Loading the helicase and activating it to unwind DNA are central replication control points in all cell types, but the way bacteria and eukaryotes regulate this process is fundamentally different. E. coli DnaA binding at the origin is regulated by SeqA, which sequesters the origin and prevents access to DnaA (Dame et al. 2011). Sequestration is dependent on the methylation state of the origin DNA (SeqA can only bind newly replicated, hemimethylated DNA). Under optimal growth conditions, E. coli reinitiates DNA synthesis at the origin before completing the previous round of replication, yielding multiple chromosomes in one cell; the chromosomes eventually segregate into individual cells. Eukaryotes cannot afford the luxury of rereplication because of their requirement for multiple origins on each chromosome. Reinitiation at some origins and not others would lead to copy number differences within regions of a chromosome and problems with chromosome segregation during mitosis. Hence, under most circumstances, eukaryotic origin initiation is tightly regulated so that origins initiate once, and only once, per cell division. Eukaryotes achieve this exquisite level of control by separating initiation events into different phases of the cell cycle and imposing multiple regulatory processes on the mechanism of initiation of DNA replication (Diffley 2011), whereas bacteria lack a well-defined cell cycle (see Fig. 2) (Morgan 2007).
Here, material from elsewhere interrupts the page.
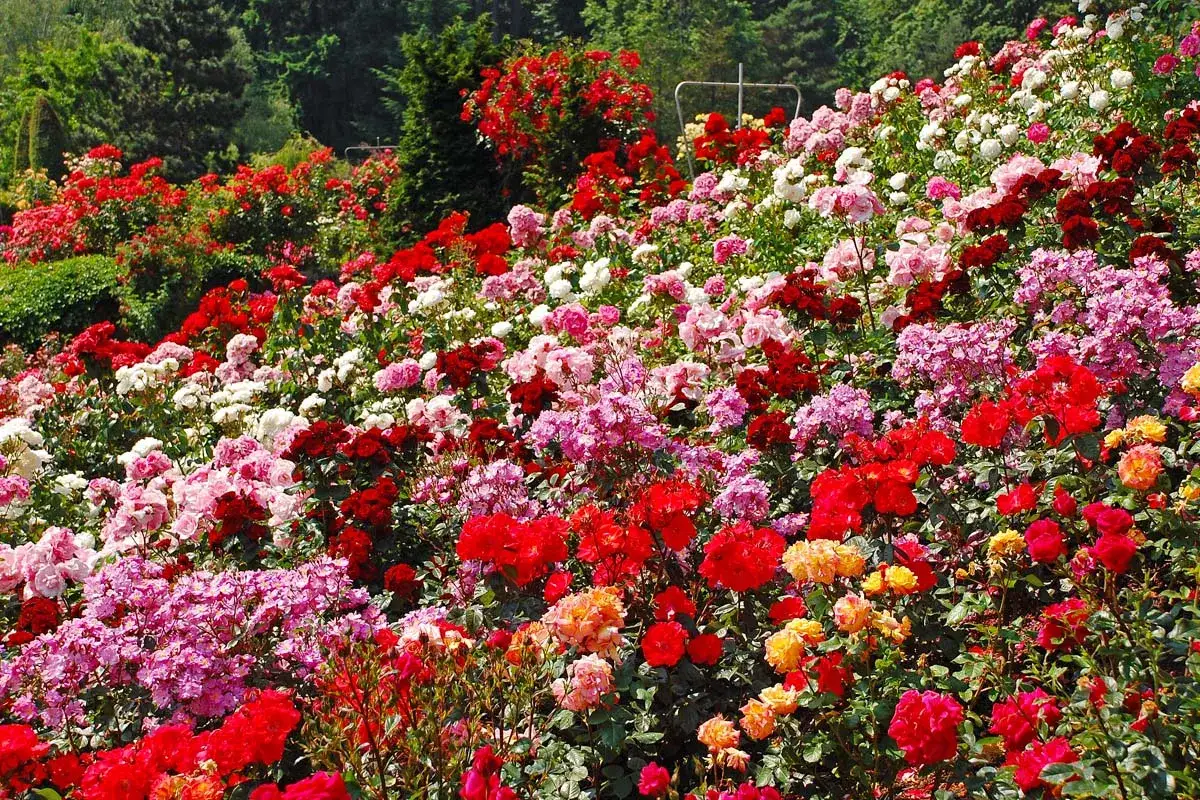 Un jardín rebosante de diversos tipos de rosas en tonos rojos, rosas, blancos y amarillos, creando un tapiz vibrante y fragante.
Progression from one eukaryotic cell phase to the next is driven by many regulated events including the synthesis of new proteins, the destruction of others, and protein modification such as phosphorylation by kinases, a modification that is largely absent among bacterial replication proteins. An additional level of control, also distinct from bacteria, is that eukaryotic replication occurs in the nucleus and this compartmentalization allows for tight regulation by excluding key proteins from the nucleus when their activity is not required or when it might be detrimental.